Gordon and Montañez’s “Carpe Diem”

November 13th, 2017
November 13th, 2017toNovember 13th, 2018

by Abigail Ramos (Syracuse University Florence)

From October 28th to November 9th, the Società delle Belle Arti showcased works of art by international artists Antonia Pia Gordon and Ale Montañez in an exhibit entitled “Carpe Diem.” While the artists’ styles were very different, their paintings both highlighted the permanence of art and the individual’s struggle to come to terms with his mortality.

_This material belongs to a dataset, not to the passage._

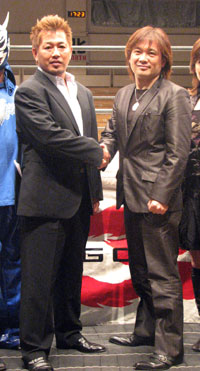 �ŋ��A�j�\���R�c�Ƃ��̃v�����X�c�ِ̂̈F�^�b�O������!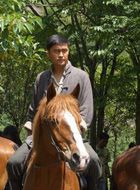 激战彭大虎的扮演者介绍、是谁演的？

Modern art is a peculiar delightful thing in terms of interpretation, and this exhibit truly highlights that, especially in Gordon’s works. While other works of art from other periods in art history (for example, the Renaissance) have clear meanings and ulterior motives for painting a certain subject (such as political or religious), modern art offers interpretative freedom to the viewer themselves. Because Gordon’s works are so simple, they open up many meanings for viewers to take in, whereas in works of art from the Renaissance, it is clear that the artists of that time were trying to depict a specific meaning or idea. With modern art, however, as displayed in this exhibit, the viewers are given a more liberal approach in terms of interpreting these simple, yet at the same time complex paintings.

With a large dot in the middle of a bright background, there doesn’t seem to be much to it from the first glance. However, in an exhibit entitled “Carpe Diem” where most of the art focuses on the inner consciousness of man, Gordon’s paintings can be interpreted as something like man’s constant feeling of isolation in the universe, or maybe even the struggle of coming to terms with his own morality, while pieces of art and even nature itself continue to live on long after him.

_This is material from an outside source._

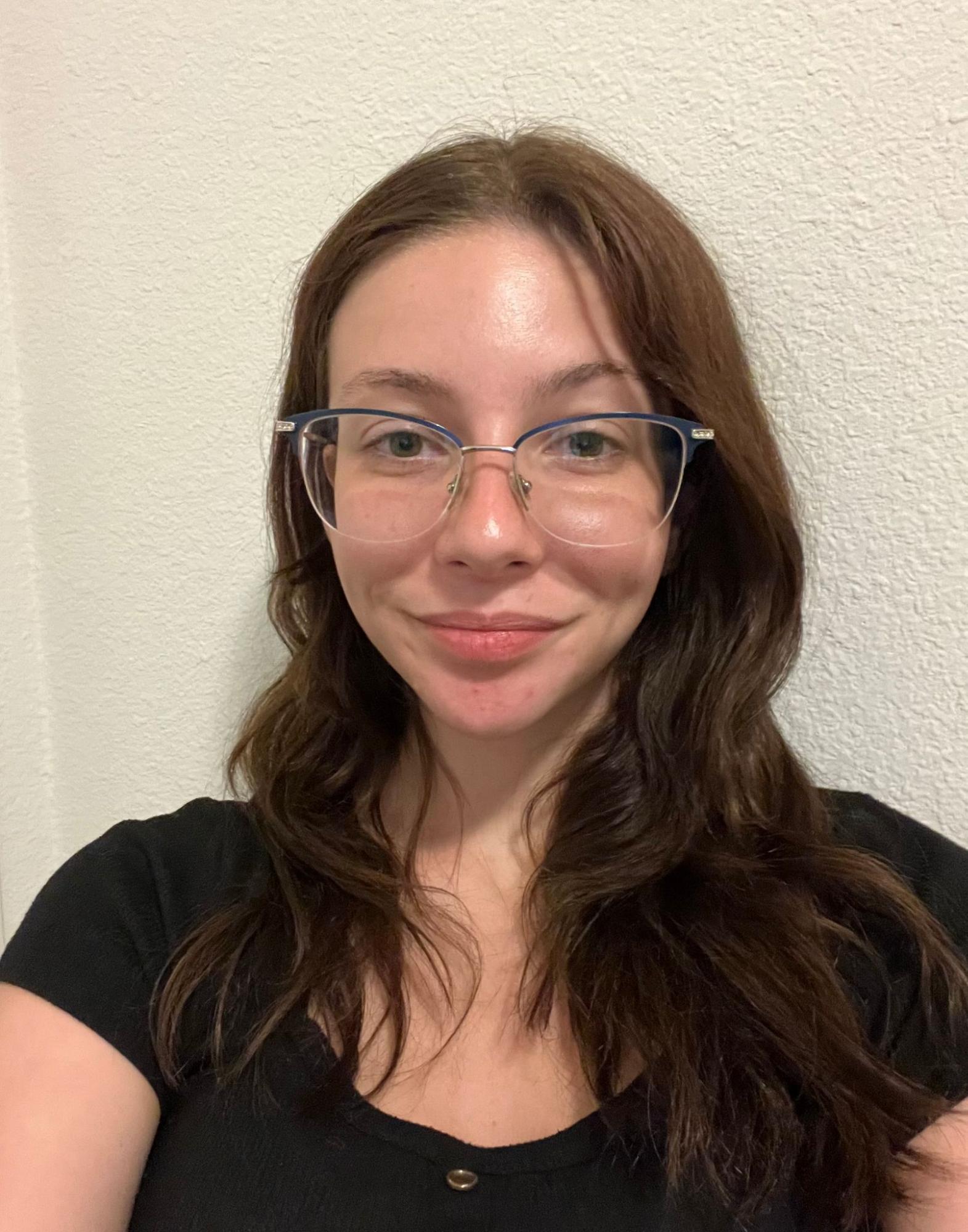 Makaela Crookes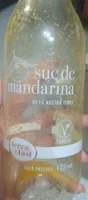 Suc de Mandarina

Ale Montañez’s expressionistic works, on the other hand, have clearer subjects, but the meanings take on similar meanings to those of Gordon’s. This piece, entitled “Faces, mirrors” could be interpreted as the multiple personalities that an individual takes on in his lifetime, and the dark background could be interpreted as the unknown, and how individuals continue to battle the unknown by going through different stages in their life, trying to find meaning out of it all.


Living in Florence, it can be so easy to get accustomed to the beautiful Renaissance art that is all around you. As the Madonna and Child is portrayed nearly everywhere you walk and in every gallery you find yourself in, it is refreshing to see a work of art that is intensely thought-provoking and complicated, in which the works of Gordon and Montañez offer a window to another world outside of the Renaissance-saturated city that is Florence. This exhibit tackles internal struggles, along with the idea of mortality and permanence, of man’s constant battle between the seemingly infinite and eternal nature with his own decaying state.